Последний день в Свердловске

Марина Ильяшевич
Я пыталась увидеть этот день глазами моей мамы, приехавшей за мной - не знаю, как ей удалось отпроситься с работы - заканчивалась вторая четверть, время диктантов.
И я не понимаю, как она выдержала. Всё, что она увидела, было абсолютно неприемлемо для неё.
Нетопленная квартира на первом этаже деревянного двухэтажного дома. Даже полы не везде - в задней комнате просто утрамбованная земля. Сантехника сломана. Вода только ледяная.
Спальное место... Это просто доски поверх сколоченных тарных ящиков.
Нина на ногах - ей в Универ к первой паре. А мне совершенно некуда торопиться, и я сплю, не в силах выпростаться из-под груды тонких одеял и накиданных сверху для тепла пальто, оттягиваю необязательный момент, когда нужно будет высунуть ноги и руки в космический холод дома, заваленного декабрьским снегом до середины окон - дом за сто лет сильно врос в наслоения земли и асфальта, будто тянулся окнами поцеловать дорожку, по которой столько раз проходил он.
Экспозиция: скудная, очень старая, раненая мебель. На остывшем квадрате электроплитки пустая сковородка, не нуждающаяся в мытье: всё съедается подчистую, вытирается хлебной коркой, выскребается вилкой. На круглом незастеленном столе - алюминиевый чайник с потёртым шнуром в нитяной оплётке, вилка на конце голодно щетинится металлическими зубами в чёрном пластмасовом рту.

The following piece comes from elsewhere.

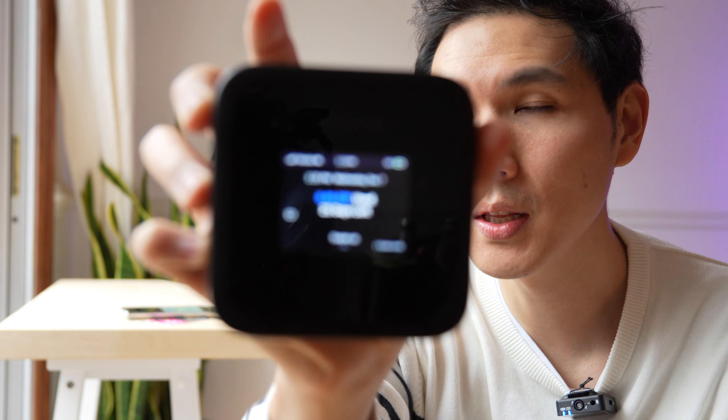We're also gonna run another speed test on an iPhone — same exact speed as the Pixel, around 200 megabits per second. You can see 207 megabits per second. So basically, this works as intended. It is faster.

Над столом раскачивается (это на втором этаже куда-то собирается аспирант Лёша) абажур вот не помню какого цвета. Из признаков, что здесь живут и иногда едят: початая пачка крупной каменной соли, ополовиненная, тоже бело-голубая, пачка ячменного кофе, какие-то сухари, несколько пустых "противотанковых". Открытый пузырёк чернил, перо, пупырчатая бумага для акварели - несколько листов, частично уже зарисованных. Стопка Нинулиных учебников.
Плотный от ещё не развеявшихся зимних сумерек и табака воздух. Нет, не так должно пахнуть девичье жильё.
Обои исписаны и изрисованы и кое-где ободраны.
В прихожей слышится шум. Мы ведь не запираемся. Не помню почему: должно быть, я посеяла ключи. Есть дверной засов, но он массивный и тяжёлый. Не под двух худышек сработан.
Лежу, не открывая глаз, пытаюсь удержать сон или удержаться в нём.
- Марина, к тебе, - трогает меня за плечо Нина.
Я открываю глаза и вижу на пороге комнаты растерянную - нет, ошеломлённую! - маму.
И закрываю опять. Мне хочется, чтобы это виденье растаяло, чтобы оказалось иллюзией. Я не готова объясняться. Я не готова даже вставать. Я вообще не готова жить.
У меня всё крайне плохо. Меня отверг идеологический факультет. Меня уволили, выписали из рабочей общаги на улице цареубийцы Голощёкина, я изгой советской системы, мне не подадут руки, за моей спиной только что закрытое уголовное дело по 224-й, Женя зол, как чорт, и наказывает своим непоявлением уже несколько дней.
- Он не придёт, - сказали мне девчонки, навестившие меня в больнице.
Я не знала, что он напрягает свои связи в эмвэдэ, чтобы это ничем не закончилось для меня.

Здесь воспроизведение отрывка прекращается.